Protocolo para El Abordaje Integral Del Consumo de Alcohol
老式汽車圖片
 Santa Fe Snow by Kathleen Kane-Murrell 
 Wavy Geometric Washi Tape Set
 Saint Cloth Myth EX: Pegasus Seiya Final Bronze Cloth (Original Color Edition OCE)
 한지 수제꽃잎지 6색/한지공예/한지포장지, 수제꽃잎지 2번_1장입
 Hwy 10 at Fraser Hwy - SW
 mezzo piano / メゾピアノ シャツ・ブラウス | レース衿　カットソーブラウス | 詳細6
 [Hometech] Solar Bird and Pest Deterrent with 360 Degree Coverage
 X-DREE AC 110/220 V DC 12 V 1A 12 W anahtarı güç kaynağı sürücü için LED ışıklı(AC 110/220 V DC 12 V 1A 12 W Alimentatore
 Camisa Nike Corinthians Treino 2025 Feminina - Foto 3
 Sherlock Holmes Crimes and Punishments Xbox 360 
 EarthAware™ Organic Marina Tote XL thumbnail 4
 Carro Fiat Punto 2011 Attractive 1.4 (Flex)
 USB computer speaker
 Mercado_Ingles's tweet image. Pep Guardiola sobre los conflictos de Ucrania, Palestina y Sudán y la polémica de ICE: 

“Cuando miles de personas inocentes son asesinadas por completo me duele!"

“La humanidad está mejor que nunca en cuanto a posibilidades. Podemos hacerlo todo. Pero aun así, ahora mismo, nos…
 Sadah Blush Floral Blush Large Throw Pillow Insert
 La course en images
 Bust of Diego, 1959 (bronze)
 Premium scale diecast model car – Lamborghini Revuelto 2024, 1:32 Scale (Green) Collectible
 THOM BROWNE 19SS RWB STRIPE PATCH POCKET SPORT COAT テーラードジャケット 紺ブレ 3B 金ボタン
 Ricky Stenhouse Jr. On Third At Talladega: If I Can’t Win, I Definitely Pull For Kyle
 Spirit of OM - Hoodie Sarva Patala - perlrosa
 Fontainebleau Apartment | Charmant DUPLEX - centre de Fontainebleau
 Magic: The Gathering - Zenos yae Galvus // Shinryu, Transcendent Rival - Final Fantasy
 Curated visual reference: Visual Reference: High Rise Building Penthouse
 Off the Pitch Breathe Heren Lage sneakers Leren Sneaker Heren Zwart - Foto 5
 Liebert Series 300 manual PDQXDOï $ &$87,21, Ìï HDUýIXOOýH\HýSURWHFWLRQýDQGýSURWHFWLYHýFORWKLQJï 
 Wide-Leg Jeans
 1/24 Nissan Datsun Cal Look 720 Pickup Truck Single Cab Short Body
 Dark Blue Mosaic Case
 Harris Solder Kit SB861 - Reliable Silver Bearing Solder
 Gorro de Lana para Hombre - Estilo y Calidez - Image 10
^^^^
Task: Go over the data above and copy every line that has the word "para" in it.

Final answer:
Protocolo para El Abordaje Integral Del Consumo de Alcohol
 Gorro de Lana para Hombre - Estilo y Calidez - Image 10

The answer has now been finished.